■ **Supplied data**
##########

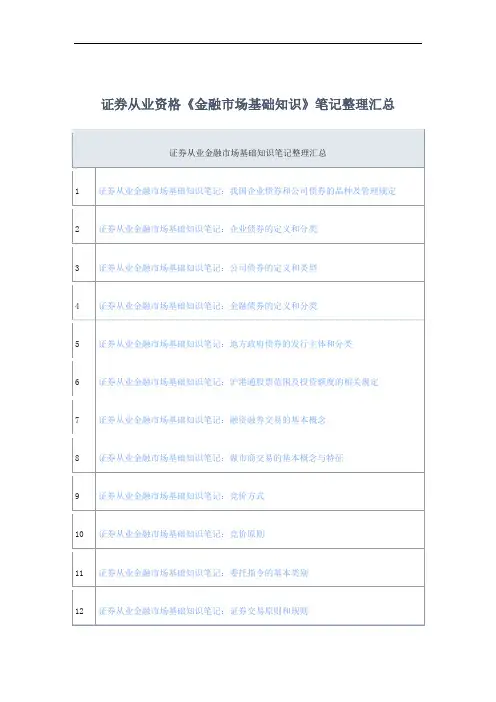 证券从业资格《金融市场基础知识》笔记整理汇总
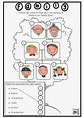 Family Tree Worksheet | Printable Worksheets and Activities for ...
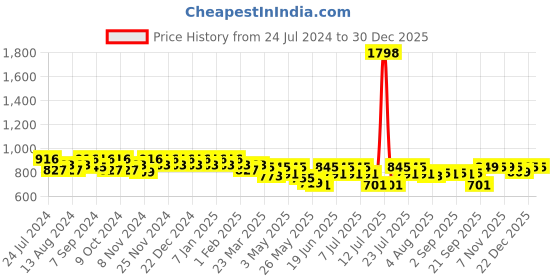 myntra.com mack jonney VIMAL JONNEY Men Pack Of 2 Lounge Pants D10N_D1A_002 mack jonney Price History Graph from 24 Jul 2024 to 30 Dec 2025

##########

When you repeat the data, keep every line exact and drop the images.

 证券从业资格《金融市场基础知识》笔记整理汇总
 Family Tree Worksheet | Printable Worksheets and Activities for ...
 myntra.com mack jonney VIMAL JONNEY Men Pack Of 2 Lounge Pants D10N_D1A_002 mack jonney Price History Graph from 24 Jul 2024 to 30 Dec 2025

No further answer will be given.